Question :
The equation $3x^2+2xy+3y^2-18x-22y+50=0$ is transformed to $4x^2+2y^2=1$ with respect to a rectangular axes through the point $(2,3)$ inclined to the original axes at an angle $\theta$. Then $\theta$ is
(a) $\pi/3$
(b) $\pi/8$
(c) $\pi/4$
(d) $3\pi/2$
Progress :
Put $x=x+2$ and $y=y+3$ in the given equation, we get
$3(x+2)^2+2(x+2)(y+3)+3(y+3)^2-18(x+2)-22(y+3)+50=0$
By using a suitable translation---in fact, the given one, though we don't need to know that here---we can find new coordinates, also (mildly abusively) denoted $(x, y)$, for which the linear terms on the l.h.s. of the equation vanish.

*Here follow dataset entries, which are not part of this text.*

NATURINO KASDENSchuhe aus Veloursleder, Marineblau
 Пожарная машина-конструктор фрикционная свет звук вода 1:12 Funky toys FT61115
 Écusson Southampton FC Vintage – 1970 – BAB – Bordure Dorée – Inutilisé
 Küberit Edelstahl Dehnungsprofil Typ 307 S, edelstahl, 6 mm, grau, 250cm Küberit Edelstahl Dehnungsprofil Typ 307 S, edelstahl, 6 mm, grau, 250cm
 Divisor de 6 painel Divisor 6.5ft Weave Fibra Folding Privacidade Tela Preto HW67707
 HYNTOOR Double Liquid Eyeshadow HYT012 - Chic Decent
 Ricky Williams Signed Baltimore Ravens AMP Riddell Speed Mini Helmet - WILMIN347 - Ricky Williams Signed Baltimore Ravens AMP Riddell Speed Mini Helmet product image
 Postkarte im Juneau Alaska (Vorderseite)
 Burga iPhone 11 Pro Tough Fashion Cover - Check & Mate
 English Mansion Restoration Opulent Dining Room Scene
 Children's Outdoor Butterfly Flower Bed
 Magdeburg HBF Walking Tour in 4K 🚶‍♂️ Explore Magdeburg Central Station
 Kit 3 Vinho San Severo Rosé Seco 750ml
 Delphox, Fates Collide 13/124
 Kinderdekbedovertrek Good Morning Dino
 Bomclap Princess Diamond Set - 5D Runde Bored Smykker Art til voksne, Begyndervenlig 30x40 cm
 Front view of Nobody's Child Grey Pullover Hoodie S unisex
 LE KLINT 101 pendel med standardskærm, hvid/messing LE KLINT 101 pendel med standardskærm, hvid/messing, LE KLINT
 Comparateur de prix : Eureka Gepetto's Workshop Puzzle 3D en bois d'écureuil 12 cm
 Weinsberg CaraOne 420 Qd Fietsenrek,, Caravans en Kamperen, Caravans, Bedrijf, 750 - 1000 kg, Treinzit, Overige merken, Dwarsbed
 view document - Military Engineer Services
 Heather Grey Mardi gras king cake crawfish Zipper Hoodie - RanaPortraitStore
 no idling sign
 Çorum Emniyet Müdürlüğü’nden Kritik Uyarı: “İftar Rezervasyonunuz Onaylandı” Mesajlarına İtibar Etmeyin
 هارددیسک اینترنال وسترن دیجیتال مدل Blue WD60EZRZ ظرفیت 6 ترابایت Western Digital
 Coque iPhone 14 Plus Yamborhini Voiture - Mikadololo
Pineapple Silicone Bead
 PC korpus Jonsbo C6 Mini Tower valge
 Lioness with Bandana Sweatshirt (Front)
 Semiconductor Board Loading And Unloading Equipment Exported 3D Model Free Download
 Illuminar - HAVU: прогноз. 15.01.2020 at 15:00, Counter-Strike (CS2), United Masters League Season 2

NB this translation affects neither the quadratic terms nor the angle of rotation, so we may as well ask about the rotation of the ellipse in these coordinates, which thus has equation $$\phantom{(\ast)} \qquad 3 x^2 + 2 x y + 3 y^2 = C \qquad (\ast)$$ for some suitable constant $C$ (one can check that for the $C$ that occurs here, this equation really does define an ellipse, that is, it is neither empty nor a single point).
Hint The equation $(\ast)$ is symmetric in the variables $x, y$, and hence the ellipse it defines is fixed under the reflection $(x, y) \mapsto (y, x)$.